## Task to complete
Write out exactly the lines below starting at the one containing "Solid Slub Polyester - MARISA - Aqua" and ending at the one containing "Honda CR-V 2.0". Omit every picture.

## Information

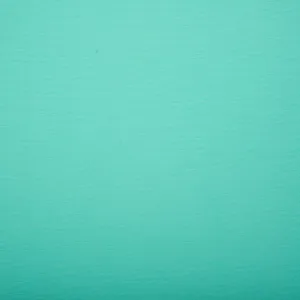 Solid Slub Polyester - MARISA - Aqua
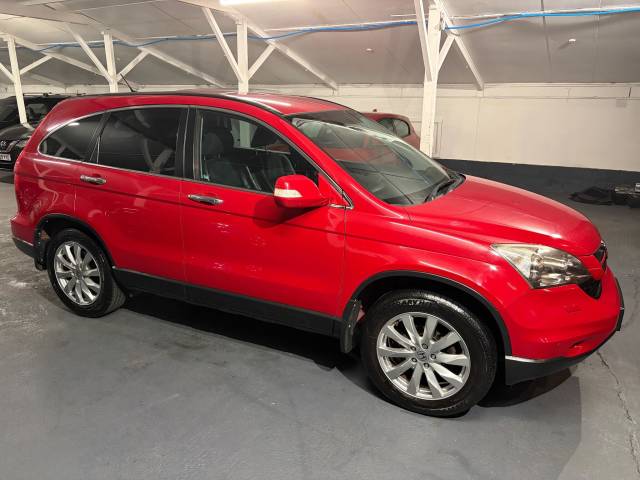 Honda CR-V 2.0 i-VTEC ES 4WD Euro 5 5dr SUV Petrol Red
==
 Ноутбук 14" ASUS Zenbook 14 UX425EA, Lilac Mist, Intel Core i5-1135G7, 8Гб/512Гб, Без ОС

## Reply to the exercise
 Solid Slub Polyester - MARISA - Aqua
 Honda CR-V 2.0 i-VTEC ES 4WD Euro 5 5dr SUV Petrol Red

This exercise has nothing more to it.